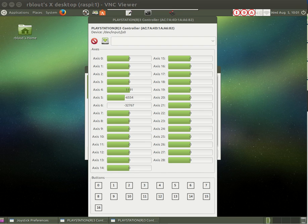We're looking at the desktop of a Raspberry Pi. Specifically, we are looking at the JSTEST GTK graphical interface.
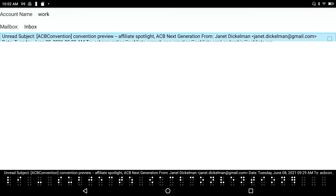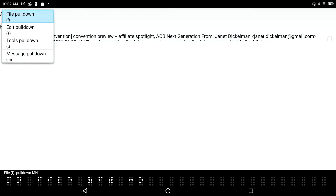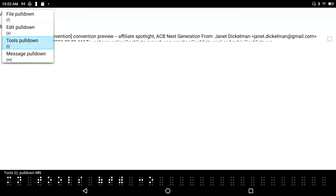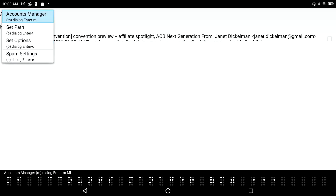I'm going to go into the menu system. The hotkey for the menu system in HIMSS applications is F2. I press F2, navigate through File, then down to Tools — that's where I set up accounts. Account Manager is the first item in this list, and I press Enter on that.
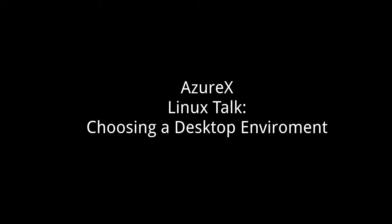Hey guys, AzureX here, and let's go for another Linux talk. So in today's Linux talk, I feel like I need to address the issue that a lot of people are saying about how to pick a distribution and more importantly, how to pick a desktop environment.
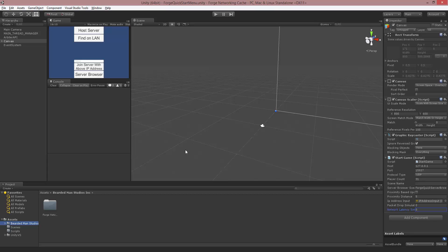Hello, I'm Brent Ferris from Bearded Man Studios, and in this video I want to show you the authoritative input so we can make the server an authority and the client just an input based request.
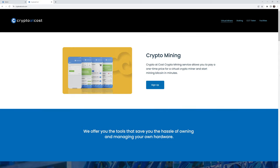Crypto at Cost cloud mining services. Scam? Maybe. Let's talk about it.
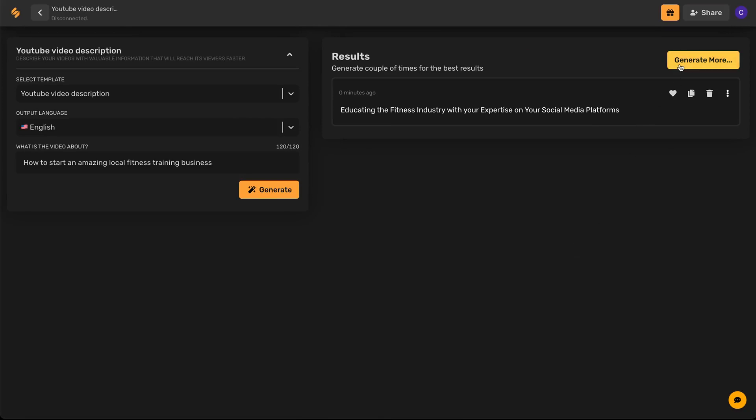And there you go! Some great options for YouTube video descriptions to connect with your viewers and subscribers. Check out our other videos to see how Simplified's AI tools can help you every step of the way with your socials. See you there!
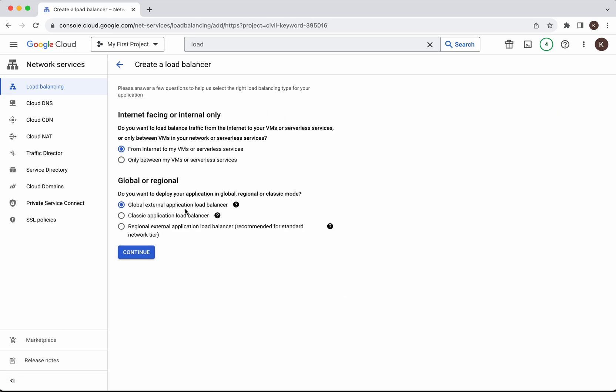Click start configuration. You need to select whether you want to give this load balancer access from the internet or only between the VMs. We wanted to access from internet so I'm going to leave that as from internet to my VMs.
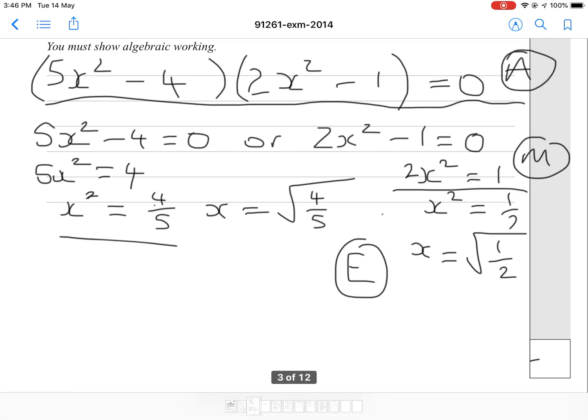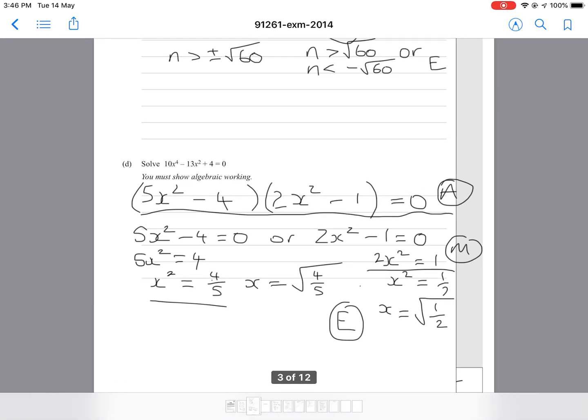Overall grading follows standard NCEA marking: 2 excellence grades gives E8, 1 excellence gives E7, 2 merits gives M6, 1 merit gives M5, and so on. Alright, we're moving on to question 2 now.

++++++++++++++++++++

— Your objective —
Drop the pictures and reproduce the rest of the data exactly.

— Answer section —
We're looking at the desktop of a Raspberry Pi. Specifically, we are looking at the JSTEST GTK graphical interface.
I'm going to go into the menu system. The hotkey for the menu system in HIMSS applications is F2. I press F2, navigate through File, then down to Tools — that's where I set up accounts. Account Manager is the first item in this list, and I press Enter on that.
Hey guys, AzureX here, and let's go for another Linux talk. So in today's Linux talk, I feel like I need to address the issue that a lot of people are saying about how to pick a distribution and more importantly, how to pick a desktop environment.
Hello, I'm Brent Ferris from Bearded Man Studios, and in this video I want to show you the authoritative input so we can make the server an authority and the client just an input based request.
Crypto at Cost cloud mining services. Scam? Maybe. Let's talk about it.
And there you go! Some great options for YouTube video descriptions to connect with your viewers and subscribers. Check out our other videos to see how Simplified's AI tools can help you every step of the way with your socials. See you there!
Click start configuration. You need to select whether you want to give this load balancer access from the internet or only between the VMs. We wanted to access from internet so I'm going to leave that as from internet to my VMs.
Overall grading follows standard NCEA marking: 2 excellence grades gives E8, 1 excellence gives E7, 2 merits gives M6, 1 merit gives M5, and so on. Alright, we're moving on to question 2 now.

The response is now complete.